To start, let's read .log file and parse it using pandas into a convenient table, and print out top 5 elements of the table using method .head()


In [13]:
NAME_OF_FILE = ""

In [14]:
def get_table_of_all_lines(file_name=NAME_OF_FILE):
    # Create a dataframe object and collect data from the log file
    data_lines = []
    with open(file_name, "r") as file:
        for line in file:
            data_lines.append(line.strip())

    return pd.DataFrame(data_lines, columns=["message"])

In [15]:
ORIGINAL_TABLE = get_table_of_all_lines()

top_5_elements = ORIGINAL_TABLE.head()
# print(top_5_elements)

However, we have a specific log formatting in the source code:


In [16]:
logging.basicConfig(
    format="%(asctime)s - %(levelname)s - %(message)s",
)

So in this case, our log convention is going to be

**time - level - message**

and we need a table, with these three columns.
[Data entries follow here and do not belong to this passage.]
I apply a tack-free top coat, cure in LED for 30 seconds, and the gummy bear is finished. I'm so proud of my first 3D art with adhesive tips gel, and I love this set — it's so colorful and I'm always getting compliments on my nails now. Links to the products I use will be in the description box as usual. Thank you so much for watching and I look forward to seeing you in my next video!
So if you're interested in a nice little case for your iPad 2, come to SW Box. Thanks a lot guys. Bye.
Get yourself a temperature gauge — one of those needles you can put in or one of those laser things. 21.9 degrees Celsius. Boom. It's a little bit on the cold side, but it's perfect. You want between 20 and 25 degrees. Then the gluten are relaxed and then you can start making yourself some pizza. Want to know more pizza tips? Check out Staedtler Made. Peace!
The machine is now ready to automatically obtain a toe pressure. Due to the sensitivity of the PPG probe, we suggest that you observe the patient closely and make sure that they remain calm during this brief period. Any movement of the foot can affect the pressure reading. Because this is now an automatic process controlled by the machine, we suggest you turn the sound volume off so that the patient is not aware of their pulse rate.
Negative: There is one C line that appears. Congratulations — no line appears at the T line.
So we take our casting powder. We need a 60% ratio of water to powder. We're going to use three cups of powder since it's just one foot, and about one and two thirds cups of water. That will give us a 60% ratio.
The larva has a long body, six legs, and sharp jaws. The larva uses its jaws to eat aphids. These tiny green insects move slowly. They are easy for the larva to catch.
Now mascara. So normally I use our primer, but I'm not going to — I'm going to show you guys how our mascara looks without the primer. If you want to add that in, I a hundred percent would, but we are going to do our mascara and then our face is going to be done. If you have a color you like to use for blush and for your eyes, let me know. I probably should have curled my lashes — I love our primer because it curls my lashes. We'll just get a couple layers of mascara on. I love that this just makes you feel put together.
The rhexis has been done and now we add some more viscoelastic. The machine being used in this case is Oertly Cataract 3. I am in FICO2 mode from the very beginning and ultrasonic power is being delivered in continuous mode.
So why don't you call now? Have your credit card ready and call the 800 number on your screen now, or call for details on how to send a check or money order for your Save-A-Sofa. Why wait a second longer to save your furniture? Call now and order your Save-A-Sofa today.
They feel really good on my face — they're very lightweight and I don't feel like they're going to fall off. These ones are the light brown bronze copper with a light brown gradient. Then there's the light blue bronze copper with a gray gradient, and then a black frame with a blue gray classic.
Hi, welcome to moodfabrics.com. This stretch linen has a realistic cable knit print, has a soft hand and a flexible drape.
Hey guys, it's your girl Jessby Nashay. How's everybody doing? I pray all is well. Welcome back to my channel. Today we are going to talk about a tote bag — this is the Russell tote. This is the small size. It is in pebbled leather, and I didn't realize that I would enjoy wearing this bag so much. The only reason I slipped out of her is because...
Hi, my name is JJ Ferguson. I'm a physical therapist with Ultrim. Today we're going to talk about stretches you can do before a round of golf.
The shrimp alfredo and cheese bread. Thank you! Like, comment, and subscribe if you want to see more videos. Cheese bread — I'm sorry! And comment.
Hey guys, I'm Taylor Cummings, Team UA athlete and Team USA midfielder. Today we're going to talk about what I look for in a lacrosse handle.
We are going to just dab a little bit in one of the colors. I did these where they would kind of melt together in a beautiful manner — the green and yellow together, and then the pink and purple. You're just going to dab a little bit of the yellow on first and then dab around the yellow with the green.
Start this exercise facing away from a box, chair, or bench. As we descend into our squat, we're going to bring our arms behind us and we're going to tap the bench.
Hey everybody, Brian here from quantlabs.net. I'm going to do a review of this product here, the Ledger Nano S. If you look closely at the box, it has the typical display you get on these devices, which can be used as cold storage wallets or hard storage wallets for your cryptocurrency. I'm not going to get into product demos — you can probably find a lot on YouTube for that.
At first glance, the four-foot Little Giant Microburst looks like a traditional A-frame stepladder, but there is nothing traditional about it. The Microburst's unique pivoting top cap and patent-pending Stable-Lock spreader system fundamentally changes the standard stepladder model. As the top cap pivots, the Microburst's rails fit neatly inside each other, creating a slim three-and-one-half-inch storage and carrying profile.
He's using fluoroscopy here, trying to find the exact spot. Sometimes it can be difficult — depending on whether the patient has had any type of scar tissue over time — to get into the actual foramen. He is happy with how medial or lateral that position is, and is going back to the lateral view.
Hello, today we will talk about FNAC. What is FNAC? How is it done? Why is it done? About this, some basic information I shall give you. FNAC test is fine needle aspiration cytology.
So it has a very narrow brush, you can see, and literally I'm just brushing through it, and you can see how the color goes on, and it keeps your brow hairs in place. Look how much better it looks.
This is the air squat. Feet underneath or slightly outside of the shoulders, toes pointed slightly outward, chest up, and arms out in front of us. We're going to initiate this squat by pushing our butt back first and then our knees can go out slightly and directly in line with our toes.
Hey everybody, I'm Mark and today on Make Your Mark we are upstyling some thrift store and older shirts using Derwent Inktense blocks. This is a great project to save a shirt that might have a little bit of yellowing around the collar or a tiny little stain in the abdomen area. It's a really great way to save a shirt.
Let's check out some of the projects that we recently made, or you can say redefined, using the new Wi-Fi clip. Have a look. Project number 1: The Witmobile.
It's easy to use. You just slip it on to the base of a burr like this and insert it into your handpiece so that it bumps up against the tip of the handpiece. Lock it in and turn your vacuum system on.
Let's make such a table.

Note:

- a line of the unknown format joins to the previous log-lines `"message"`.

- 'time' column elements become actual `datetime` objects


In [17]:
def get_table_of_logs(file_name=NAME_OF_FILE):
    data_lines = []
    split_sign = " - "
    how_many_columns = 3
    with open(file_name, "r") as file:
        for line in file:
            try:
                time, level, message = line.strip().split(split_sign, how_many_columns-1) # because start counting from 0
                data_lines.append({"time": time, "level": level, "message": message})
            except ValueError as e:
                # lines that do not fit our convention are joined with the last conventional log message we had
                data_lines[-1]["message"] += f"\n{line.strip()}"

    result = pd.DataFrame(data_lines)
    # parse time
    result["time"] = pd.to_datetime(result["time"], format="mixed")
    return result

In [18]:
LOGS_TABLE = get_table_of_logs()


top_5_elements = LOGS_TABLE.head()
# print(top_5_elements)

Now when we have a table, let's manipulate it in some way.

### Create a separate table

In [19]:
ERRORS_TABLE = LOGS_TABLE[LOGS_TABLE["level"] == "ERROR"]

top_5_elements = ERRORS_TABLE.head()
# print(top_5_elements)

sizes_of_the_error_table = ERRORS_TABLE.shape
# print(f"The number of rows: {sizes_of_the_error_table[0]}")
# print(f"The number of columns: {sizes_of_the_error_table[1]}")

The number of rows is the amount of errors.

### Count many stuff

In [20]:
# Count of unique error messages
unique_error_count = ERRORS_TABLE["message"].nunique()

# Count of all error messages (including duplicates)
all_error_count = sizes_of_the_error_table[0]  # number of ERRORS_TABLE rows

# For a detailed count of each unique error message
error_message_counts = ERRORS_TABLE["message"].value_counts() # it's a table unique_message - how_many

# print("Unique error messages count:", unique_error_count)
# print("Total error messages count:", all_error_count)
# print("\nCounts of each unique error message:\n", error_message_counts)

In [21]:
# Count of errors containing the word 'pending' in the message
pending_error_count = ERRORS_TABLE[
    ERRORS_TABLE["message"].str.contains("pending")
].shape[0]

# print("\nCounts of error messages that have word 'pending' in it :\n", pending_error_count)
first_error_time = ERRORS_TABLE["time"].iloc[0]
last_error_time = ERRORS_TABLE["time"].iloc[-1]

# print(f"The first error occurred at: {firt_error_time}")
# print(f"The last error occurred at: {last_error_time}")

Knowing how to count elements of the table, or to filter a table with respect to some criteria, you can create any statistics report you want.

### Let's save results

In [22]:
# Save the counts
my_statistics = {
    "log file name": NAME_OF_FILE,
    "first error time": first_error_time,
    "last error date": last_error_time,
    "unique error messages": unique_error_count,
    "total error messages": all_error_count,
    "pending error messages": pending_error_count,
}


def save_statistics(my_statistics=my_statistics):
    column1 = my_statistics.keys()
    column2 = my_statistics.values()

    counts_df = pd.DataFrame(data=column2, index=column1)

    counts_df.to_excel("error_counts.xlsx", header=False)


# save_statistics()

You can also save to csv, json, and txt (txt is going to be manually though), and [many other formats](https://pandas.pydata.org/pandas-docs/stable/reference/api/pandas.DataFrame.html).

See documentation of DataFrame object for further details.